Entries provided |

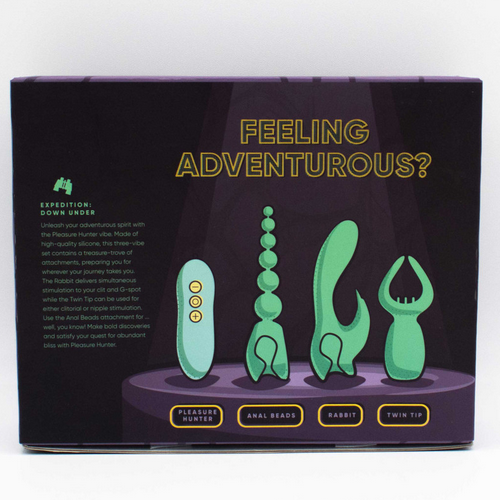 Product packaging with green sex toy figures and text on a dark background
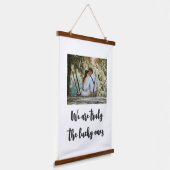 Gepersonaliseerde bruiloft Afbeelding Houten wandt Hangend Wandkleed (Gebogen)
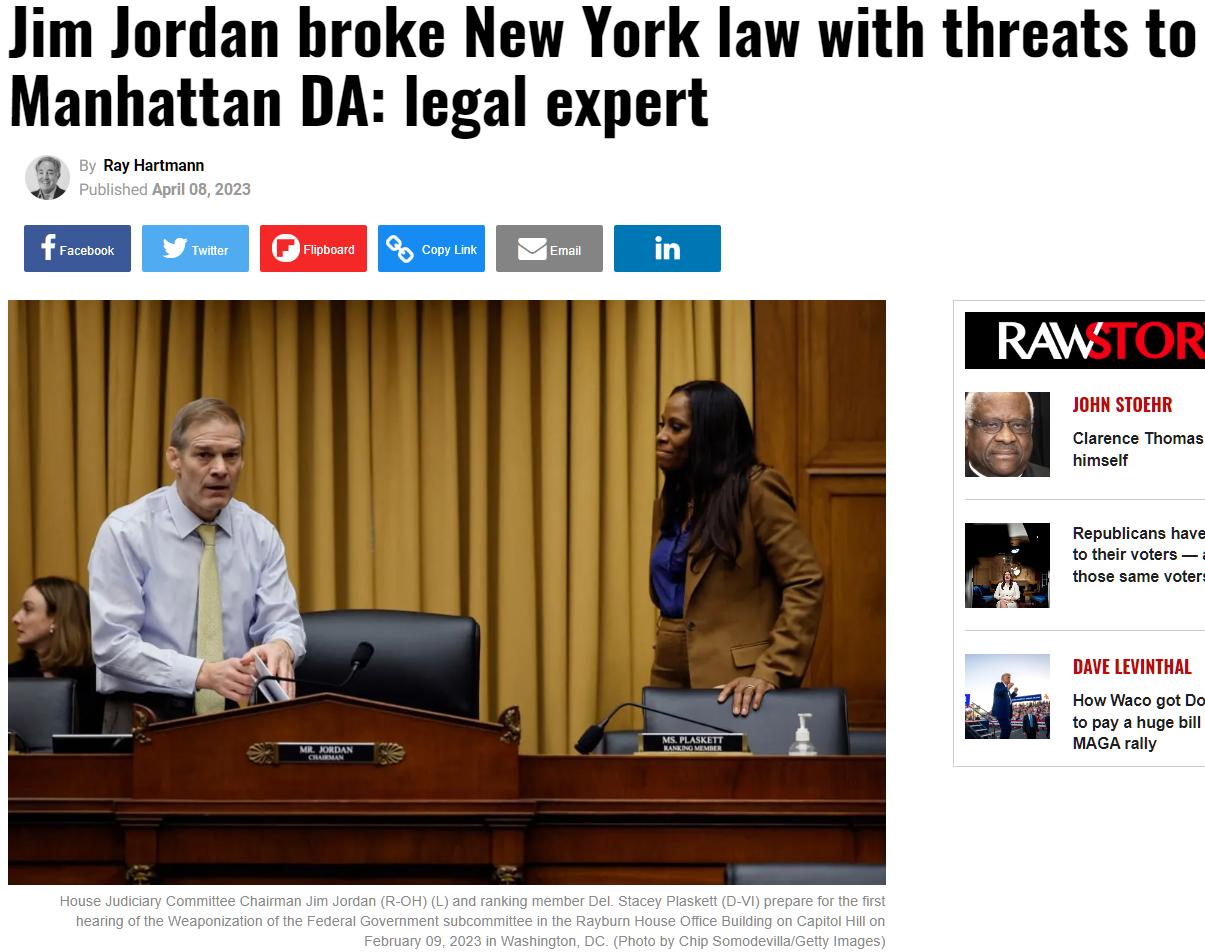 Jim Jordan broke New York law with threats to Manhattan DA legal expert gt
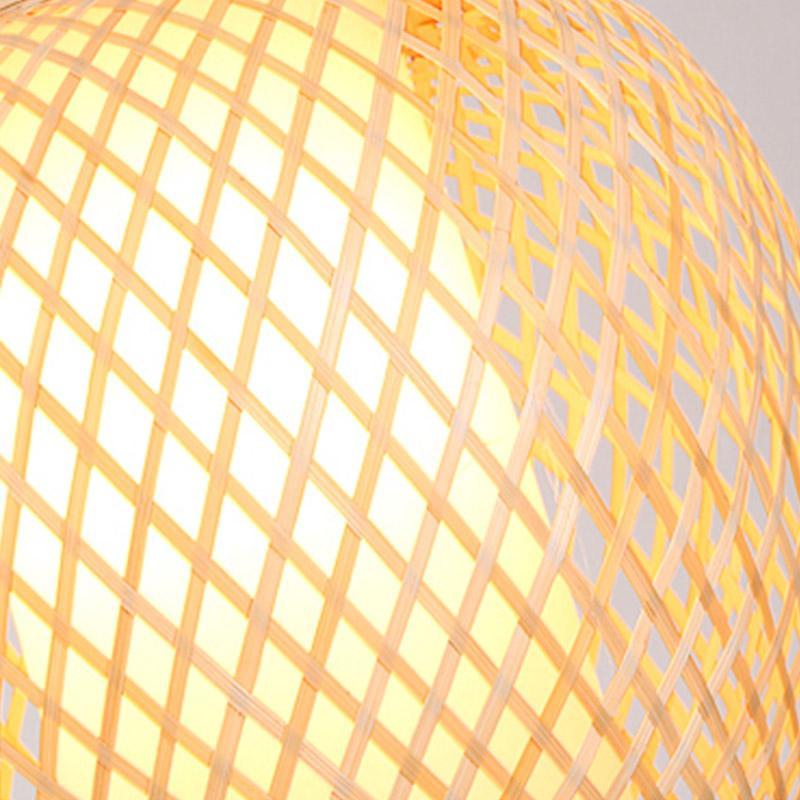 Handwoven Natural Bamboo Oval Dome Pendant Light Farmhouse Style Hanging Lamp for Bedroom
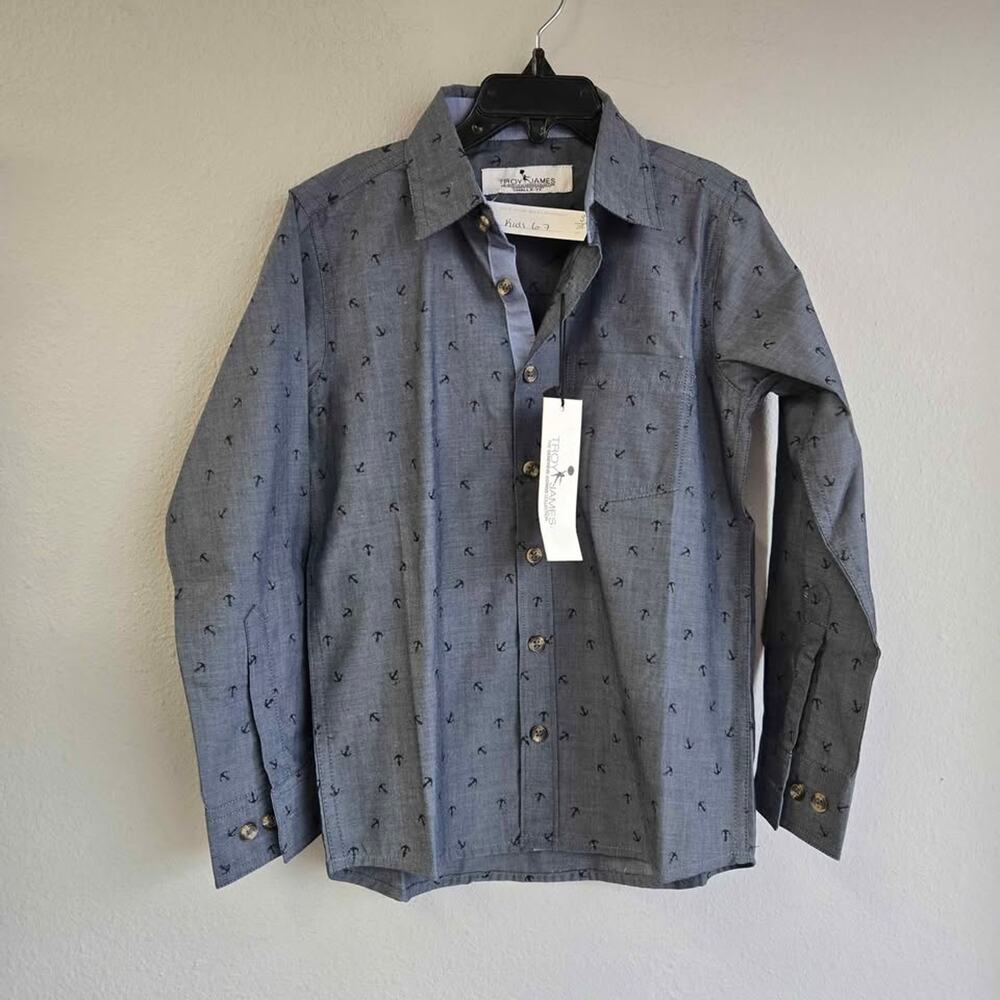 Troy‎ James Genevieve Goings Collection Boys Anchor Button Down Shirt - Size 6-7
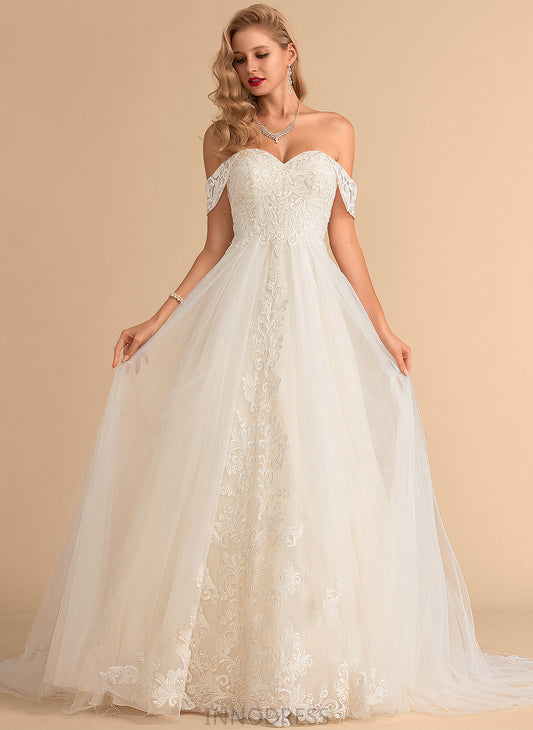 Lace Ball-Gown/Princess Ruth Dress Chapel Sequins Wedding Dresses Train Tulle With Wedding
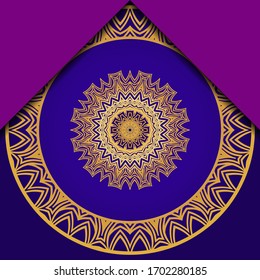 Template greeting card, invitation. Mandala design. Vector illustration.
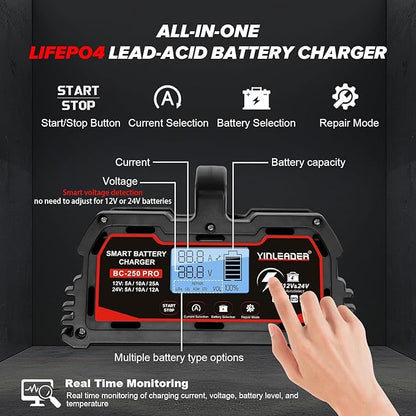 Battery Charger 25A, 12V/24V Lead Acid Smart Battery Charger, 12V LiFePO4 Car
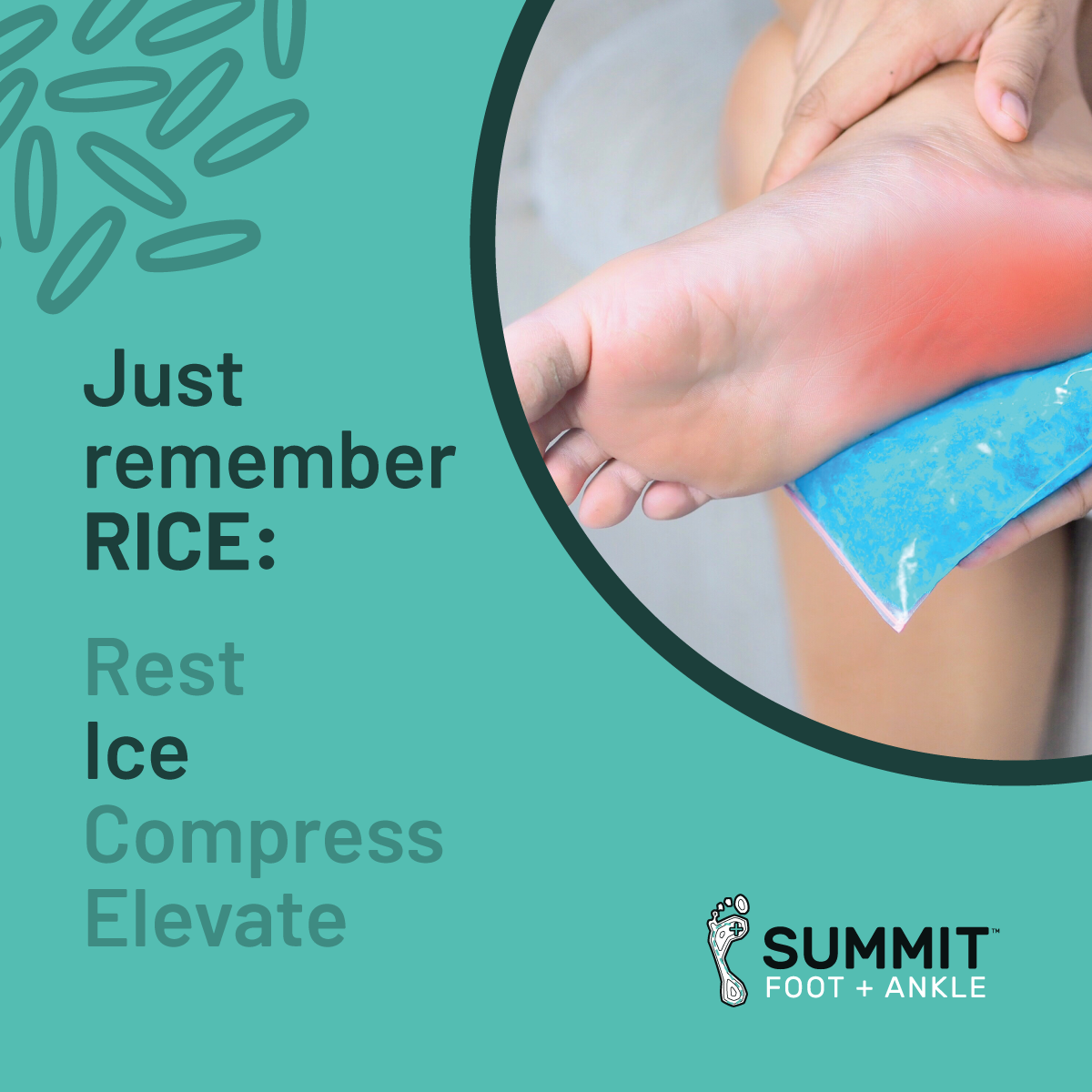 The RICE method is the perfect cliff... - SUMMIT Foot + Ankle | Facebook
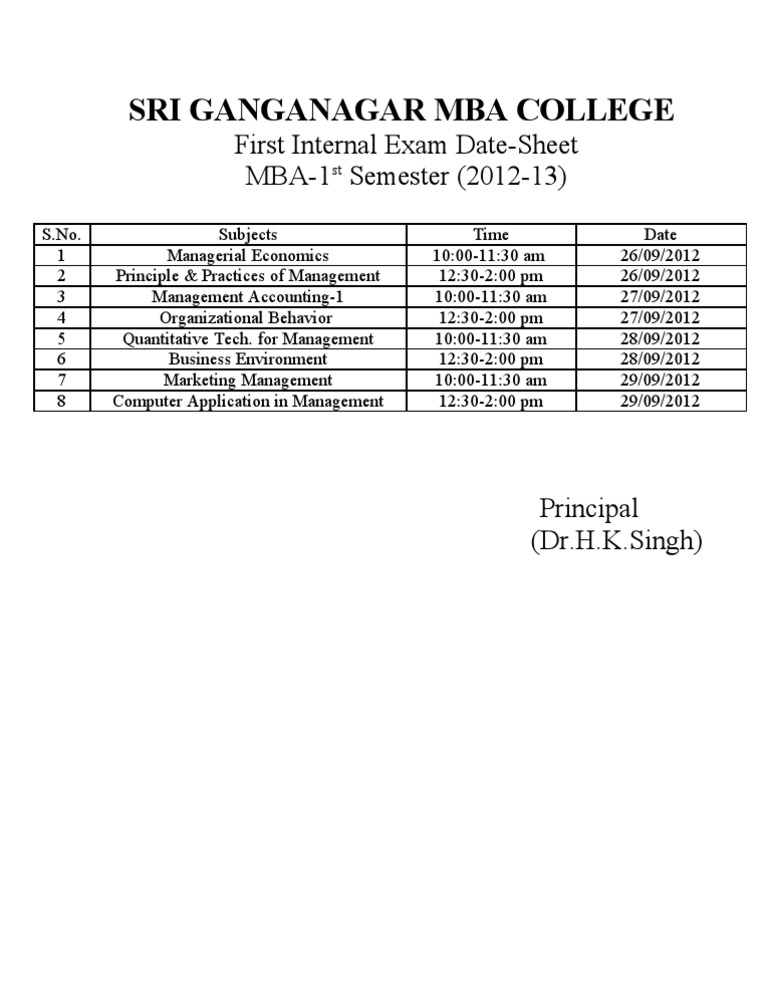 MBA 1st Semester Exam Schedule 2012 | PDF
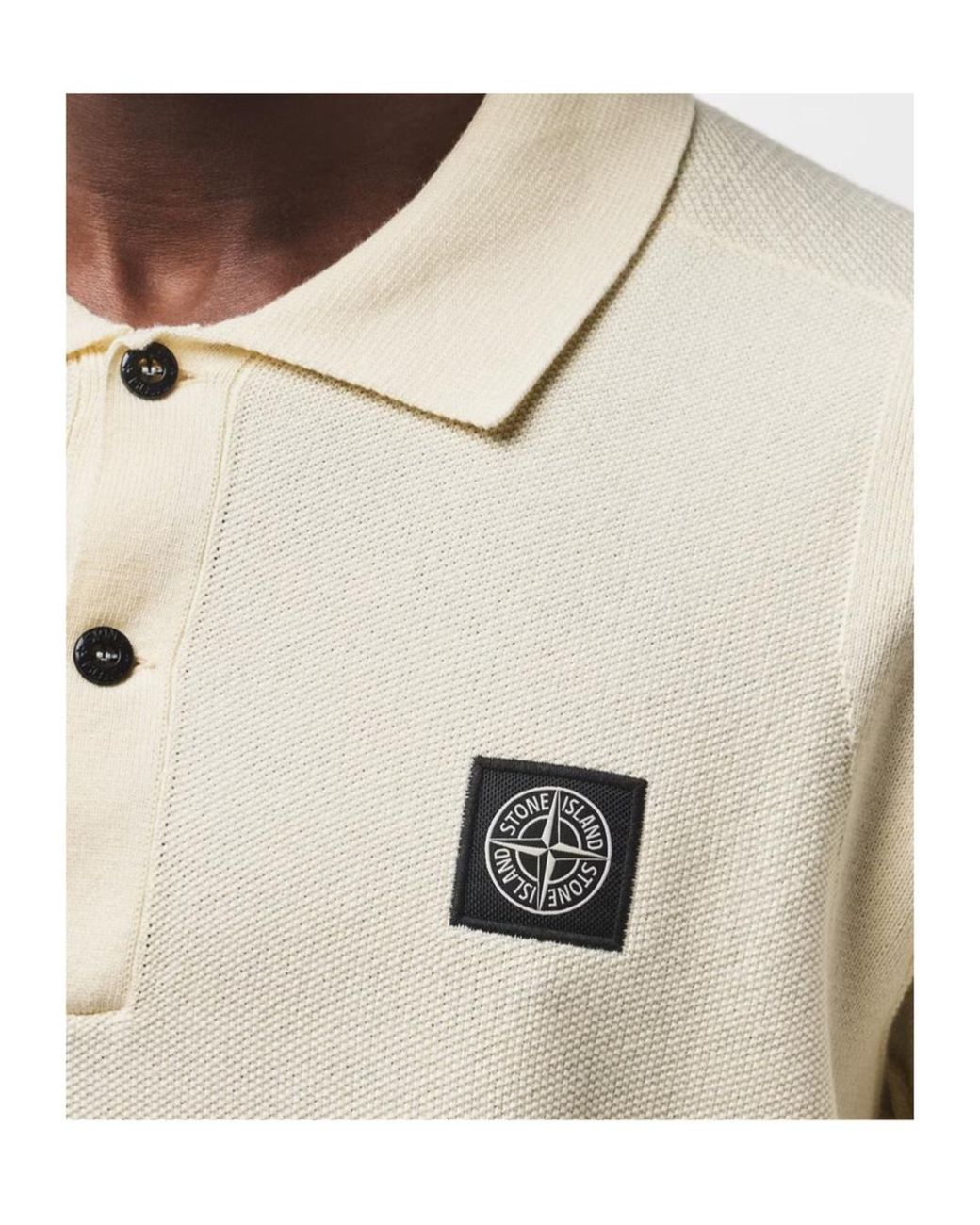 Stone Island White Logo Short-Sleeved Polo Shirt for men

What is required |
Once the pictures are set aside, give the rest of the material again unchanged.

Exercise result |
 Product packaging with green sex toy figures and text on a dark background
 Gepersonaliseerde bruiloft Afbeelding Houten wandt Hangend Wandkleed (Gebogen)
 Jim Jordan broke New York law with threats to Manhattan DA legal expert gt
 Handwoven Natural Bamboo Oval Dome Pendant Light Farmhouse Style Hanging Lamp for Bedroom
 Troy‎ James Genevieve Goings Collection Boys Anchor Button Down Shirt - Size 6-7
 Lace Ball-Gown/Princess Ruth Dress Chapel Sequins Wedding Dresses Train Tulle With Wedding
 Template greeting card, invitation. Mandala design. Vector illustration.
 Battery Charger 25A, 12V/24V Lead Acid Smart Battery Charger, 12V LiFePO4 Car
 The RICE method is the perfect cliff... - SUMMIT Foot + Ankle | Facebook
 MBA 1st Semester Exam Schedule 2012 | PDF
 Stone Island White Logo Short-Sleeved Polo Shirt for men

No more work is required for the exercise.